Müge Boz’un sekiz aylık hamile olarak verdiği erotik pozlar anneliğin ‘kutsallık ve masumiyet’ ezberini bozunca büyük bir kesimde rahatsızlık yarattı. Belki estetik değil, profesyonel görünmemiş, hadi tamam kısaca ‘olmamış.’ Ama onu yargılayan ve linç edenler pozlara estetik değil ahlaki bir sorgulama yapıyor.
O yüzden diyorum ki, pardon neden olmasınmış?
Dünyada hamileyken erotik poz veren birçok ünlü var: Britney Spears, Christina Aguilera, Demi Moore, Mariah Carey, Miranda Kerr, Kim Kardashian…
Müge Boz’un fotoğraflarını alkışlamak ya da yuhalamak gerekmiyor ama şunu söylemek gerekiyor: Türkiye’de ilk defa ünlü bir kadın kocasını da yanına alıp karnı burnunda erotik pozlar verdi, bunları yayınladı. Aslında bunu daha önce tasarımcı Elif Domanic ve model Selda Car da yapmıştı. Elif Domanic çok ünlü olmadığı için fazla konuşulmadı, Selda Car ise Ibiza’da yaşıyor ve POSTA’dan Alev Gürsoy Cimin’e verdiği röportajda olayı şöyle özetlemişti: Artık Türkiye’de yaşamıyorum ve bir fotoğraf paylaşmadan önce 30 kez düşünmek zorunda olduğumu hissetmiyorum.
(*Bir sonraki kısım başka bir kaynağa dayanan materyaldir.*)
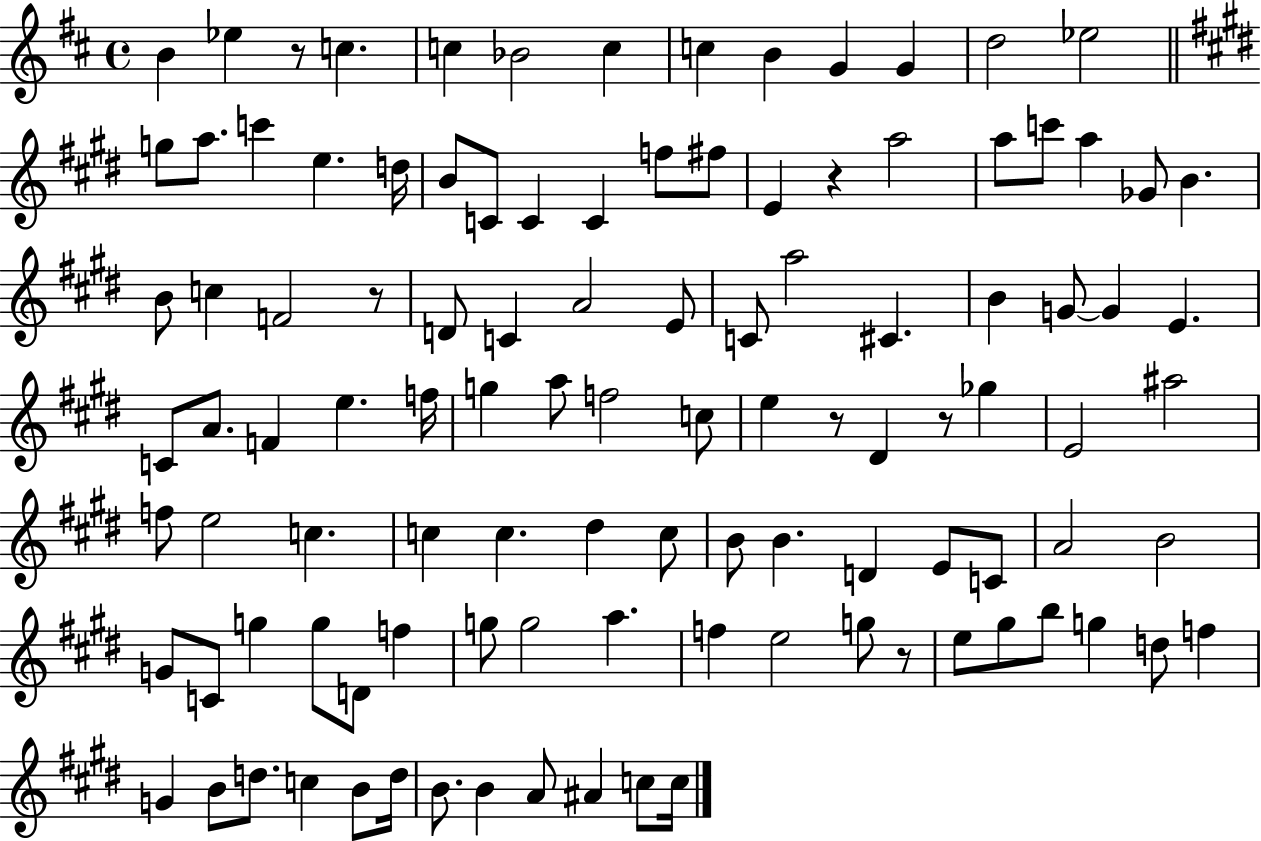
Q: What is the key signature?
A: D major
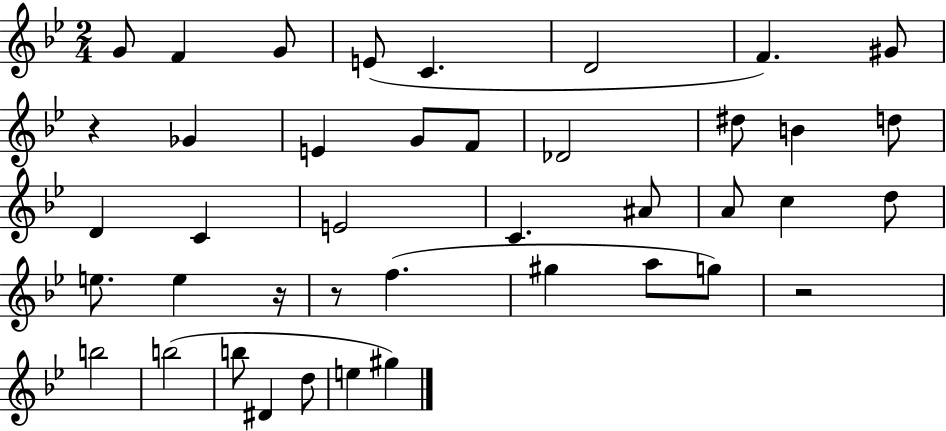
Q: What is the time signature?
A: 2/4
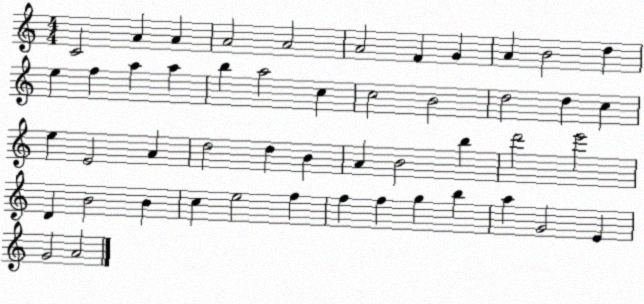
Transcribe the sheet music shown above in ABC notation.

X:1
T:Untitled
M:4/4
L:1/4
K:C
C2 A A A2 A2 A2 F G A B2 d e f a a b a2 c c2 B2 d2 d c e E2 A d2 d B A B2 b d'2 e'2 D B2 B c e2 f f f g b a G2 E G2 A2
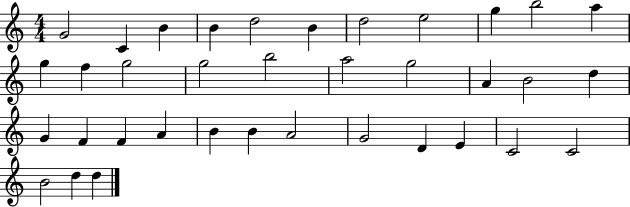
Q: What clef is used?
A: treble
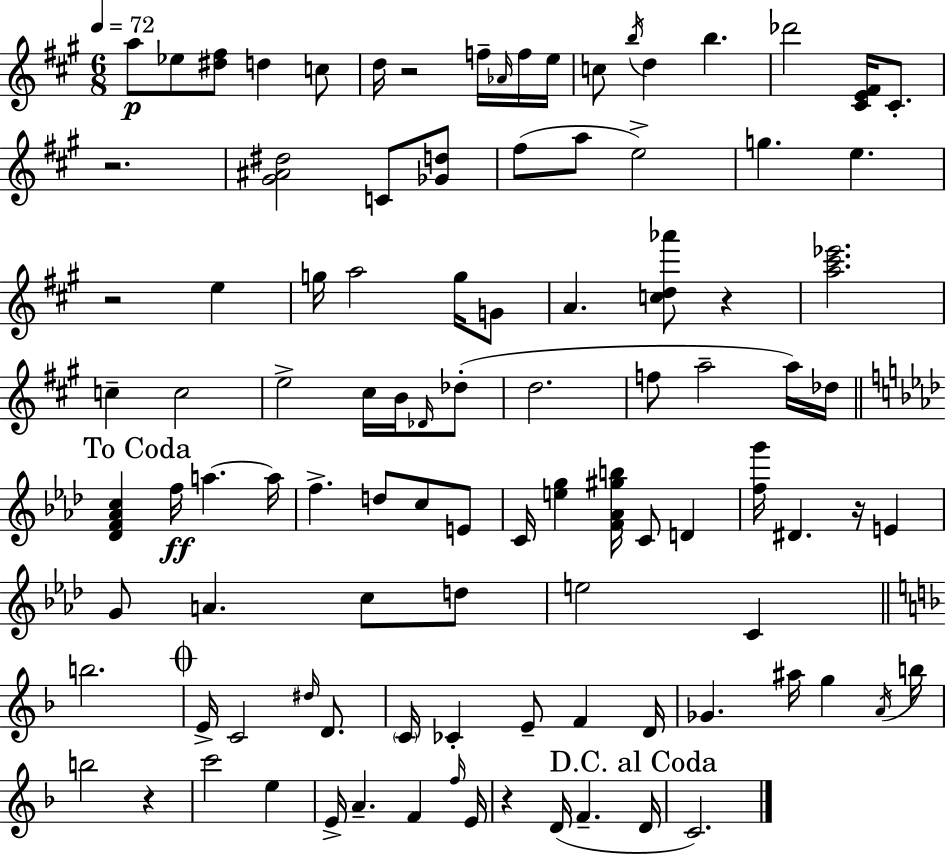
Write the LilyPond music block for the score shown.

{
  \clef treble
  \numericTimeSignature
  \time 6/8
  \key a \major
  \tempo 4 = 72
  a''8\p ees''8 <dis'' fis''>8 d''4 c''8 | d''16 r2 f''16-- \grace { aes'16 } f''16 | e''16 c''8 \acciaccatura { b''16 } d''4 b''4. | des'''2 <cis' e' fis'>16 cis'8.-. | \break r2. | <gis' ais' dis''>2 c'8 | <ges' d''>8 fis''8( a''8 e''2->) | g''4. e''4. | \break r2 e''4 | g''16 a''2 g''16 | g'8 a'4. <c'' d'' aes'''>8 r4 | <a'' cis''' ees'''>2. | \break c''4-- c''2 | e''2-> cis''16 b'16 | \grace { des'16 } des''8-.( d''2. | f''8 a''2-- | \break a''16) des''16 \mark "To Coda" \bar "||" \break \key aes \major <des' f' aes' c''>4 f''16\ff a''4.~~ a''16 | f''4.-> d''8 c''8 e'8 | c'16 <e'' g''>4 <f' aes' gis'' b''>16 c'8 d'4 | <f'' g'''>16 dis'4. r16 e'4 | \break g'8 a'4. c''8 d''8 | e''2 c'4 | \bar "||" \break \key d \minor b''2. | \mark \markup { \musicglyph "scripts.coda" } e'16-> c'2 \grace { dis''16 } d'8. | \parenthesize c'16 ces'4-. e'8-- f'4 | d'16 ges'4. ais''16 g''4 | \break \acciaccatura { a'16 } b''16 b''2 r4 | c'''2 e''4 | e'16-> a'4.-- f'4 | \grace { f''16 } e'16 r4 d'16( f'4.-- | \break \mark "D.C. al Coda" d'16 c'2.) | \bar "|."
}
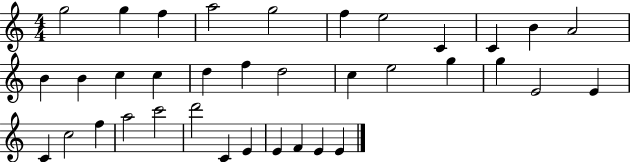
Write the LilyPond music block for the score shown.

{
  \clef treble
  \numericTimeSignature
  \time 4/4
  \key c \major
  g''2 g''4 f''4 | a''2 g''2 | f''4 e''2 c'4 | c'4 b'4 a'2 | \break b'4 b'4 c''4 c''4 | d''4 f''4 d''2 | c''4 e''2 g''4 | g''4 e'2 e'4 | \break c'4 c''2 f''4 | a''2 c'''2 | d'''2 c'4 e'4 | e'4 f'4 e'4 e'4 | \break \bar "|."
}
KİM BU APOLİTİK TABU KIRICILAR?
Şimdi Müge Boz’un bu ‘olmamış’ pozlarının aklıma getirdiklerinden yola çıkarak yazıyorum.
Konumuz: Apolitik tabu kırıcılar.
Tabu kırıcılar bazen çok rahatsız edici olabilir çünkü sınırda gezerler. Toplumun çoğunluğu tabuların kırılmasını zaten istemez. Ama bazı kişiler çat diye gelip gözünüzün içine baka baka tabuda delik açarlar. Bunu bütün baskılara rağmen yaparlar. Çok tepki görürler. Onlara çoğunlukla saygı duyulmaz. Açıkları çok fazladır ve fazla falso verirler. Çünkü apolitik tabu kırıcıların yaptıklarının ve yaşayışlarının kavramsal olarak altını dolduracak ideolojik altyapıları, entelektüel birikimleri ve toplumsal mücadele kültürleri çoğunlukla yoktur. Onları derneklerde, eylemlerde, konferanslarda, topluluk yürüyüşlerinde görmezsiniz.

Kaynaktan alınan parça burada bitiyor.